TASK INSTRUCTIONS: Copy each record below exactly, please, and leave its pictures out.

DATA EXTRACT Block Start

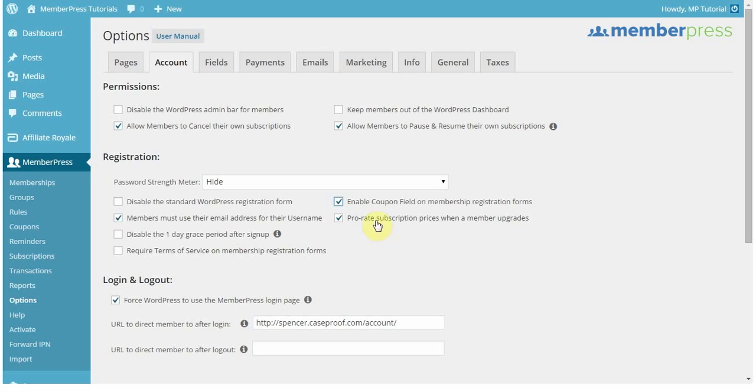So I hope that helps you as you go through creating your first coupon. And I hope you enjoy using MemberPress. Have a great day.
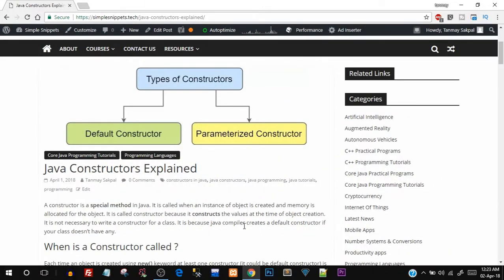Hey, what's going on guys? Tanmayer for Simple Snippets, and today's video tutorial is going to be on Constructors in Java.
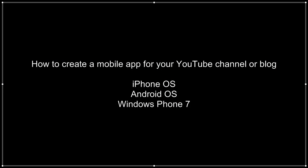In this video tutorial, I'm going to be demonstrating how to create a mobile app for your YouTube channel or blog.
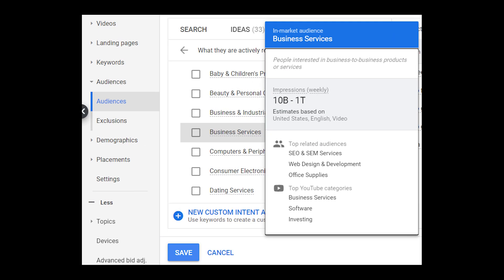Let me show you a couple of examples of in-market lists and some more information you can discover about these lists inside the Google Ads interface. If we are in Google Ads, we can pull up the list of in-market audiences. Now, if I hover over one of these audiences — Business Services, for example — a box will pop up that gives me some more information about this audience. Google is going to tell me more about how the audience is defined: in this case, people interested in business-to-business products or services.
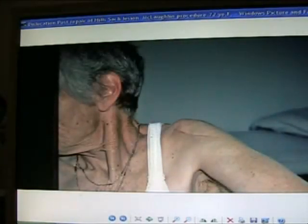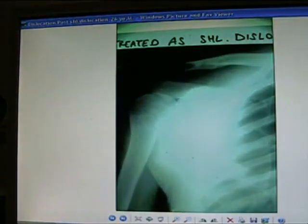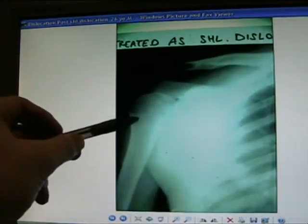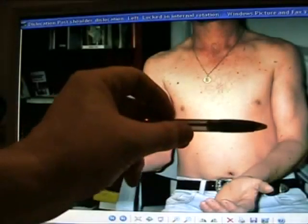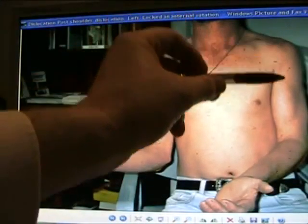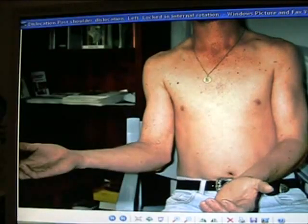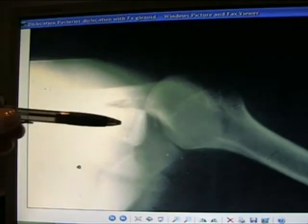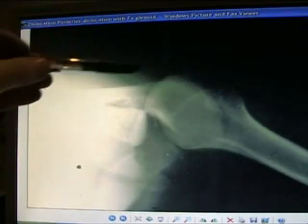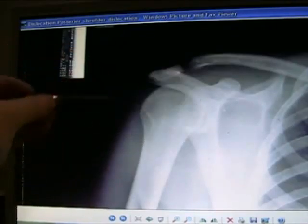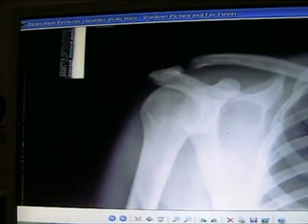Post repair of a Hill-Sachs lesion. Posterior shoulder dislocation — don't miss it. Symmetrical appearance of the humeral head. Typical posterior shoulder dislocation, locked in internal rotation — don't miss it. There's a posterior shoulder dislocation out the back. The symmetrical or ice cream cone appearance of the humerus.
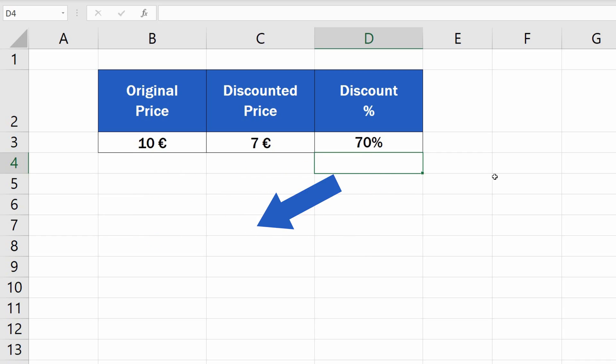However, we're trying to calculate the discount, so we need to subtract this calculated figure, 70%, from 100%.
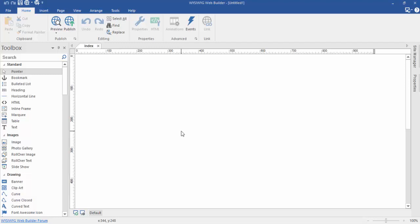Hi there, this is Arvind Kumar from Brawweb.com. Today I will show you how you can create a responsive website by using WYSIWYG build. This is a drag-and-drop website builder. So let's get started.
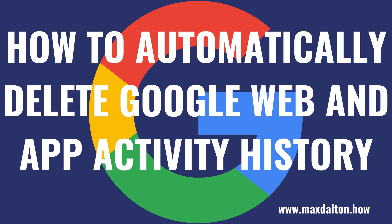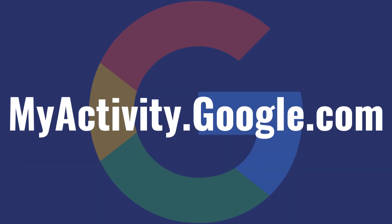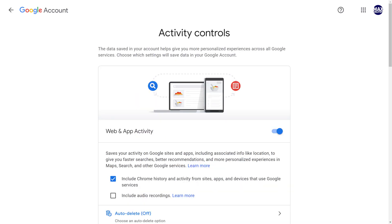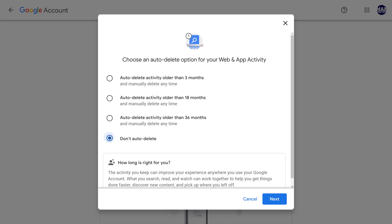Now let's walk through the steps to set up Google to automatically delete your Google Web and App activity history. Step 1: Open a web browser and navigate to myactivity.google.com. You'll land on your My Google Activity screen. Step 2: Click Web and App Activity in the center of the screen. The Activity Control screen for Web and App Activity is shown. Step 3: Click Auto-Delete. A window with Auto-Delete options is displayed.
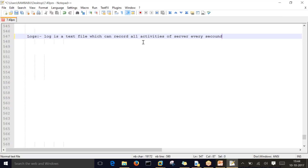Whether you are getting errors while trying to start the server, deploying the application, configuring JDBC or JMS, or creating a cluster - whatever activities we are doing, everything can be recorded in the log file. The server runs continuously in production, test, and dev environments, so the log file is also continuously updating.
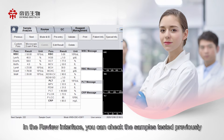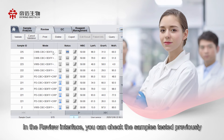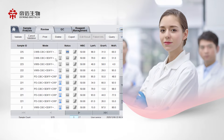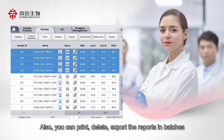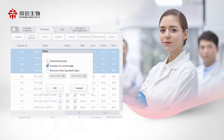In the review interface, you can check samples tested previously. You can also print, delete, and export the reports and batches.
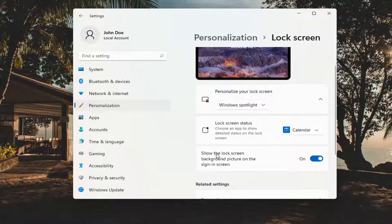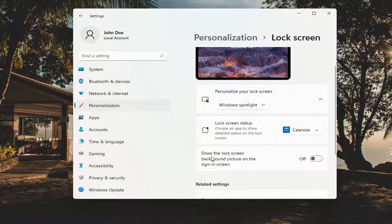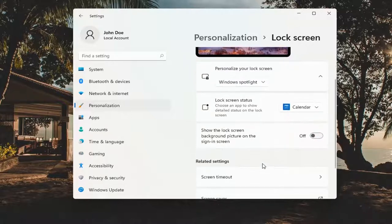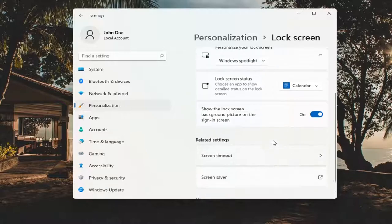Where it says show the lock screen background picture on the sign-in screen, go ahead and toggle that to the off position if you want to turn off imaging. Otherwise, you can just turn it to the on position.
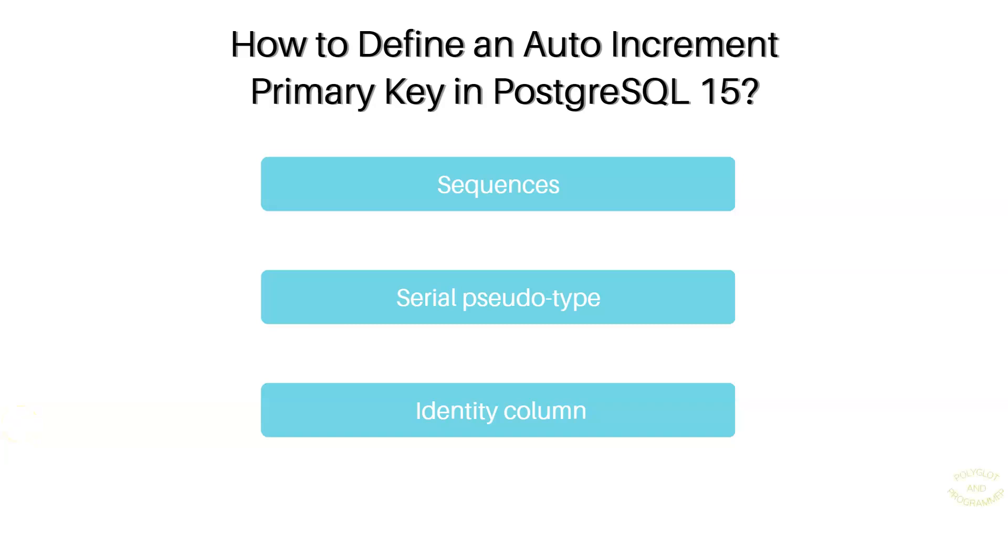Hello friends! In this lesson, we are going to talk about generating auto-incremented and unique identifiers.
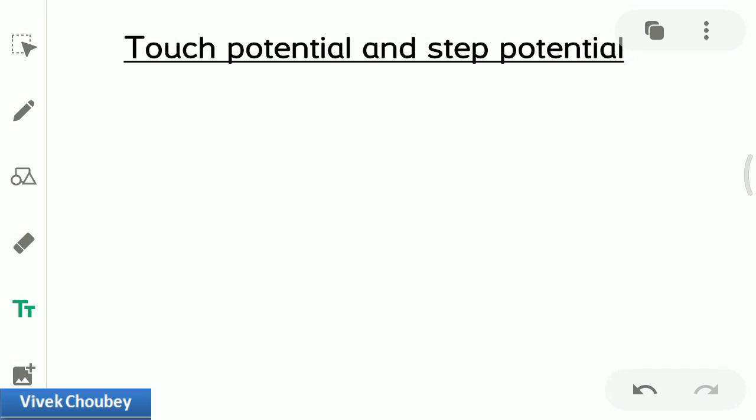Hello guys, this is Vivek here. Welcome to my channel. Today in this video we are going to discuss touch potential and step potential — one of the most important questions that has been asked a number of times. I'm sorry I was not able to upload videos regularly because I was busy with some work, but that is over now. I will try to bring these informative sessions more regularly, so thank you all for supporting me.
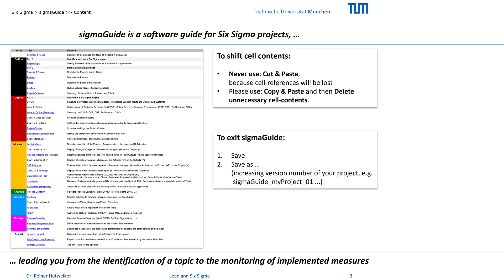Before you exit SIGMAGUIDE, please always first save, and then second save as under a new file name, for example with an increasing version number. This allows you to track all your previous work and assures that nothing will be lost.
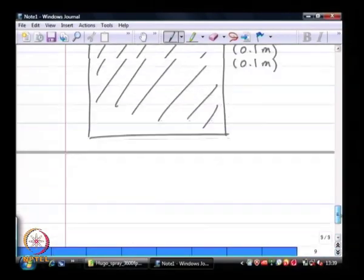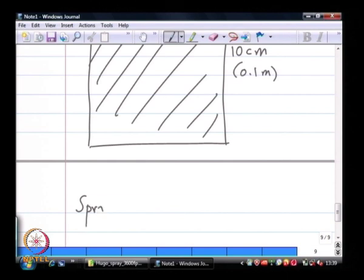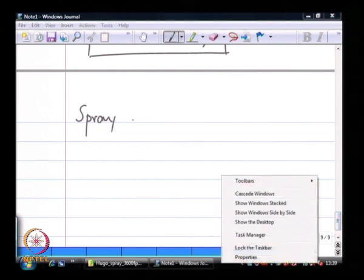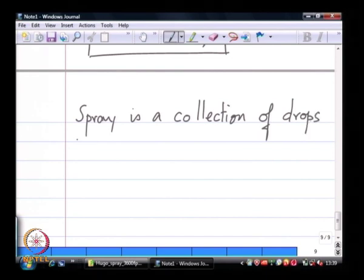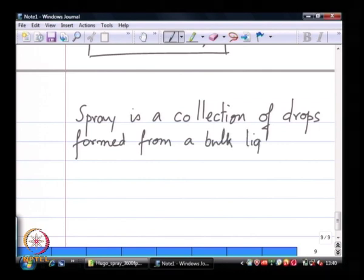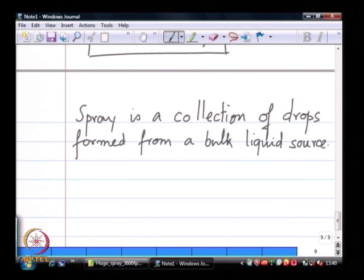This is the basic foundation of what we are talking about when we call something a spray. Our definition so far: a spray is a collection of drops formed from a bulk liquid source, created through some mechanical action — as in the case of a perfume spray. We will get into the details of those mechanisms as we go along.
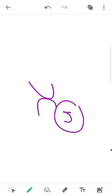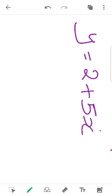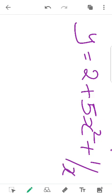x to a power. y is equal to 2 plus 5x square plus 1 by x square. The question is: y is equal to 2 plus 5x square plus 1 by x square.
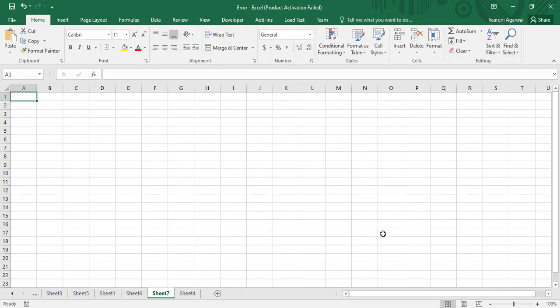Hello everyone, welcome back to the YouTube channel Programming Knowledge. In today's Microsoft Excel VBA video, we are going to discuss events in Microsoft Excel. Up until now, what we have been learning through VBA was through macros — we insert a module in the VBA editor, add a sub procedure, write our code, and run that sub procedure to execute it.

DATA EXTRACT Block End

EXERCISE RESPONSE:
So I hope that helps you as you go through creating your first coupon. And I hope you enjoy using MemberPress. Have a great day.
Hey, what's going on guys? Tanmayer for Simple Snippets, and today's video tutorial is going to be on Constructors in Java.
In this video tutorial, I'm going to be demonstrating how to create a mobile app for your YouTube channel or blog.
Let me show you a couple of examples of in-market lists and some more information you can discover about these lists inside the Google Ads interface. If we are in Google Ads, we can pull up the list of in-market audiences. Now, if I hover over one of these audiences — Business Services, for example — a box will pop up that gives me some more information about this audience. Google is going to tell me more about how the audience is defined: in this case, people interested in business-to-business products or services.
Post repair of a Hill-Sachs lesion. Posterior shoulder dislocation — don't miss it. Symmetrical appearance of the humeral head. Typical posterior shoulder dislocation, locked in internal rotation — don't miss it. There's a posterior shoulder dislocation out the back. The symmetrical or ice cream cone appearance of the humerus.
However, we're trying to calculate the discount, so we need to subtract this calculated figure, 70%, from 100%.
Hi there, this is Arvind Kumar from Brawweb.com. Today I will show you how you can create a responsive website by using WYSIWYG build. This is a drag-and-drop website builder. So let's get started.
Now let's walk through the steps to set up Google to automatically delete your Google Web and App activity history. Step 1: Open a web browser and navigate to myactivity.google.com. You'll land on your My Google Activity screen. Step 2: Click Web and App Activity in the center of the screen. The Activity Control screen for Web and App Activity is shown. Step 3: Click Auto-Delete. A window with Auto-Delete options is displayed.
Whether you are getting errors while trying to start the server, deploying the application, configuring JDBC or JMS, or creating a cluster - whatever activities we are doing, everything can be recorded in the log file. The server runs continuously in production, test, and dev environments, so the log file is also continuously updating.
In the review interface, you can check samples tested previously. You can also print, delete, and export the reports and batches.
Where it says show the lock screen background picture on the sign-in screen, go ahead and toggle that to the off position if you want to turn off imaging. Otherwise, you can just turn it to the on position.
Hello friends! In this lesson, we are going to talk about generating auto-incremented and unique identifiers.
Hello guys, this is Vivek here. Welcome to my channel. Today in this video we are going to discuss touch potential and step potential — one of the most important questions that has been asked a number of times. I'm sorry I was not able to upload videos regularly because I was busy with some work, but that is over now. I will try to bring these informative sessions more regularly, so thank you all for supporting me.
Before you exit SIGMAGUIDE, please always first save, and then second save as under a new file name, for example with an increasing version number. This allows you to track all your previous work and assures that nothing will be lost.
This is the basic foundation of what we are talking about when we call something a spray. Our definition so far: a spray is a collection of drops formed from a bulk liquid source, created through some mechanical action — as in the case of a perfume spray. We will get into the details of those mechanisms as we go along.
x to a power. y is equal to 2 plus 5x square plus 1 by x square. The question is: y is equal to 2 plus 5x square plus 1 by x square.
Hello everyone, welcome back to the YouTube channel Programming Knowledge. In today's Microsoft Excel VBA video, we are going to discuss events in Microsoft Excel. Up until now, what we have been learning through VBA was through macros — we insert a module in the VBA editor, add a sub procedure, write our code, and run that sub procedure to execute it.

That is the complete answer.